Table 5 Weighting the percentage of correct answers per crystal by occurrence ratio.

Discussion

In this study, we attempted to build a model for classifying urinary sediment crystals by deep learning using collected images. All possible processes were performed in the augmentation of images, and better results were obtained when the number of images obtained by augmentation was large. However, better accuracy was obtained when random cropping was excluded from the augmentation processes. We speculate that this is because, unlike the other processes, random cropping could destroy the principle of one crystal per image. Regarding the number of images obtained by augmentation, within the scope of this study, the greater the number of images, the higher the accuracy value. However, because of graphics card memory shortage, it was difficult to further increase the number of images for training.

It was reported that the improvement in the accuracy with augmentation was 1.54%15. Although various conditions may be involved, in this study, increasing the number of images generated by augmentation sometimes reduced accuracy by a few percent to 10%. Therefore, it can be said that augmentation does not necessarily increase the percentage of correct answers; if one uses augmentation in research, it is necessary to consider the type of augmentation to be used.

Different subcategories of crystals have different apparent shapes, even if the crystals are composed of the same components. The same labels were given to crystals with different appearances, and yet the model could still identify the crystals without problems. Even if the images consisted of simple structures and looked different, the underlying features were extracted and learned. The model we obtained had a high F1 score and a high AUC, which was considered a better model.

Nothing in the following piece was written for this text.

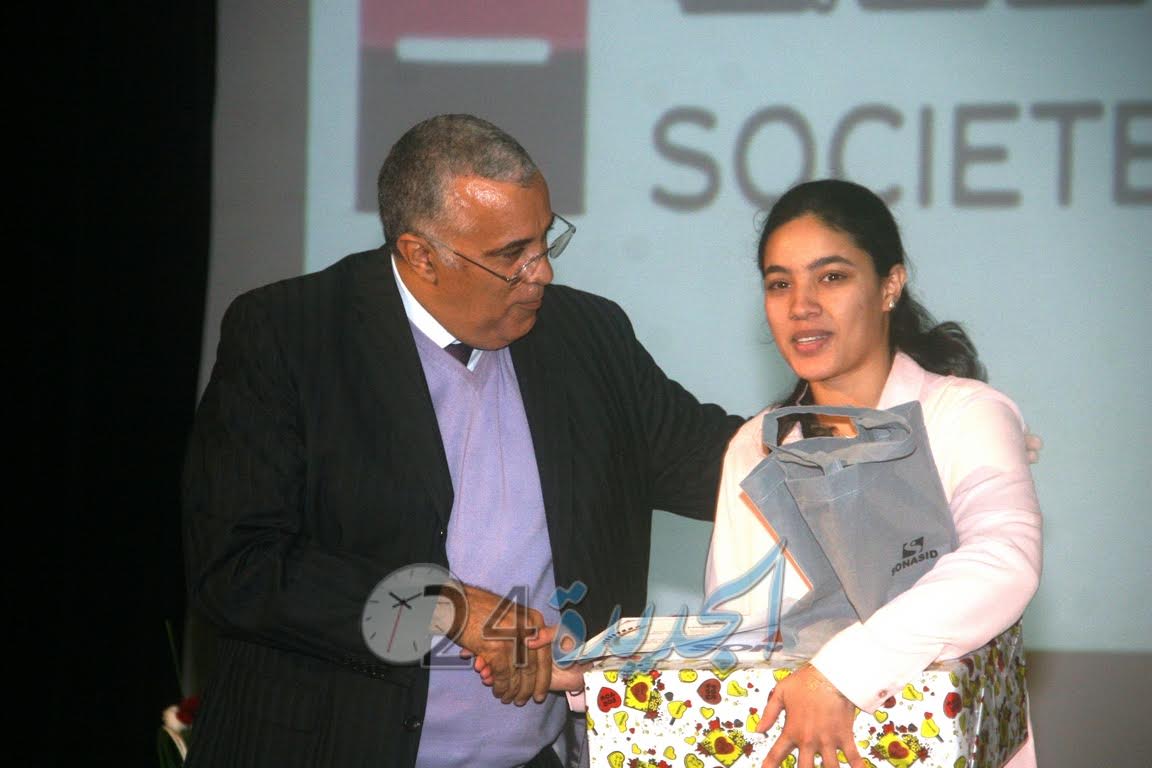 بالصور.. جامعة شعيب الدكالي بالجديدة تحتفي بطلبتها المتفوقين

Compared to later deep learning networks such as Xception, VGG-16 has a simple, classical architecture consisting only of basic elements such as convolutional layers, pooling layers, and dense layers. We considered that the results obtained by VGG-16 were superior to those of Xception, since detailed manipulations such as those in this study directry affect the teacher image.

Weighting based on the urinary sediment samples of Jean et al.28, the accuracy value was lower than that before weighting; this was probably due to the lower percentage of cystine, which had a high accuracy, and the higher percentage of ammonium urate, which had a low accuracy. Within the scope of our research, we were unable to find any other studies that reported the percentage of urinary sediment crystals in the eight categories discussed in this study. Therefore, it is debatable whether the population used here is appropriate, and in the future, it would be useful to examine crystals with high appearance ratios in the real world and try to improve the model for those crystals.

Conclusions

In this study, a model was constructed by collecting images from textbooks and exam questions of national examinations in Japan. Although the number of images obtained was small in absolute terms for building a deep learning model, we obtained an accuracy of approximately 90% by testing various parameters, even with such a small number of images. In the augmentation of images, we obtained reliable results when all possible processes except “randomcrop” were performed and when the number of images obtained by augmentation was sufficiently large. The images used for training were images from textbooks which were used for initial training of beginner students, and the number of images used was sufficient to enable human learning. The fact that this level of accuracy was achieved even with such few images indicates the potential of artificial intelligence in the future. For future studies constructing deep learning models from real-world image data, in order to construct a better model, the parameters can be determined with reference to the parameter optimization performed in this study.